Should posts count? I feel a little odd when I see that I have so many more posts then some of the older members! I never intend to offend anyone by my 'being so far ahead' but trust me, just 'cause I have so many doesn't mean much! I don't know nearly as much about Tolkien and Middle Earth as I would like and that plays a part in my shying out of discussions and things. Anyway, here's another post that can or can't count. I guess I don't really care...


----------



## Firawyn

Telëlambe said:


> And i think, with this being the tolkien forum, if its not about tolkien and his works, there shouldnt be a post count.



In reference to this. The way I see it, yes this is the 'tolkien' forum, but that is our major common bond, it doens't define us (well, not all of us!  ), it's just a part. Why should a post not count just because it's not 'tolkien'.

That would be like in the US history, the blacks were not 'counted'. They could not vote, go the same places, etc. They were still people, but they didn't count.

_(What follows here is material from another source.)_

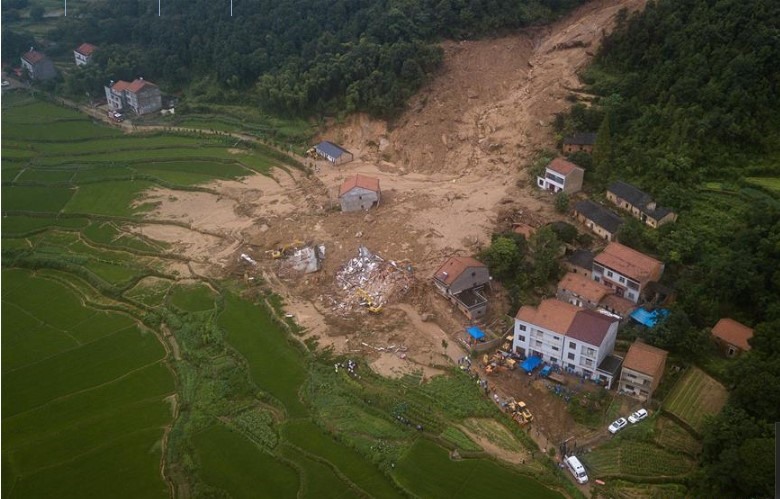 Hiện trường vụ lở đất ở Hoàng Mai hôm 8.7. Ảnh: Xinhua.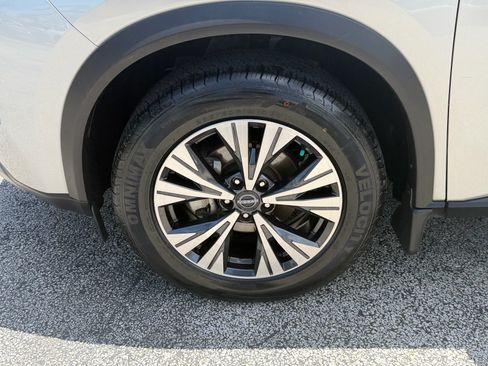 Certified 2023 Nissan Rogue SV FWD image 19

A post is a post, like a persin is a person.


----------



## Arthur_Vandelay

Firawyn said:


> Hello? Hello? Is this thing on? *thump, thump* Ah! There we go! I'd like to make and announcment: Barley is not coming back.



Behave yourself.


----------



## Ingwë

Firawyn said:


> In reference to this. The way I see it, yes this is the 'tolkien' forum, but that is our major common bond, it doens't define us (well, not all of us!  ), it's just a part. Why should a post not count just because it's not 'tolkien'.
> That would be like in the US history, the blacks were not 'counted'. They could not vote, go the same places, etc. They were still people, but they didn't count.
> A post is a post, like a persin is a person.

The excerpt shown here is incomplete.